Scintigraphy is an imaging procedure that plays a decisive role in nuclear medical diagnostics. To create an image, a so-called scintigram, the patient is administered radioactively marked substances. These substances emit radiation and can then be detected by gamma camera in the corresponding organ or tissue.

With the help of a radioactive substance, tissue or organs can be specifically examined. The patient is injected with radioactive material for this purpose. The patient can either be injected directly or administered orally as tablets.

Depending on which tissue or organ is to be examined, different materials are suitable. For example, there are substances that accumulate particularly well in bone tissue. This substance, which is specific to one tissue, is called a tracer.

For example, there is a radioactive iodine particle for the examination of the thyroid gland or 99mTc-iminodiacetic acid for the examination of hepatobiliary function (i.e. functional efficiency or liver including gall bladder). In the case of bone, this is usually technetium isotope 99mTc. This isotope is deposited in the bone and remains there.

From the bone the particle now emits gamma rays. These gamma rays can be detected with a camera. A color visualized image appears on the computer.

The more frequently the particle emits so-called flashes of light, i.e. gamma rays, the blacker the area in the image appears. In a color image, the color blue stands for a low activity of the radioactive particles in the tissue, while red means that the radioactive particles are very active. Thus, the radioactively marked particles can be used to find out how active the tissue is at the moment.

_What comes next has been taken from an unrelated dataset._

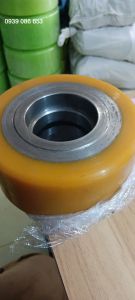Bánh xe nâng nhựa Pu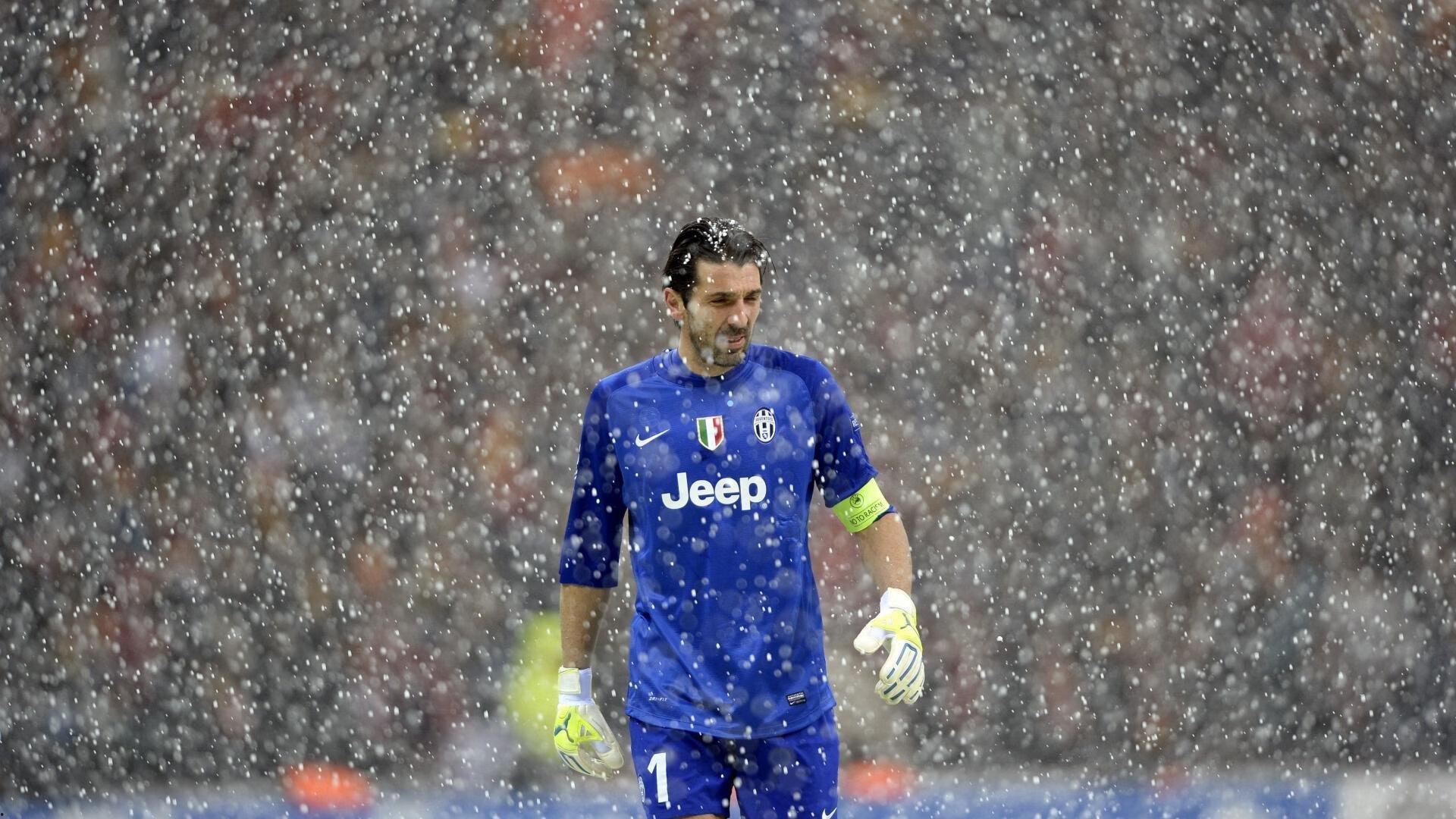 中彩网_罗马诺披露，那不勒斯探询多多动向，国际米兰暂未展开实质谈判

If areas of the thyroid gland light up blue in a scintigram, you can be sure that this part of the thyroid gland is no longer properly active for some reason. At the same time, the red color indicates a focus of inflammation. If an inflammation occurs in an organ, the metabolism is much more intensive. This leads to increased blood circulation and activity is increased. This can be seen very clearly on the scintigram and thus an accurate diagnosis can be made.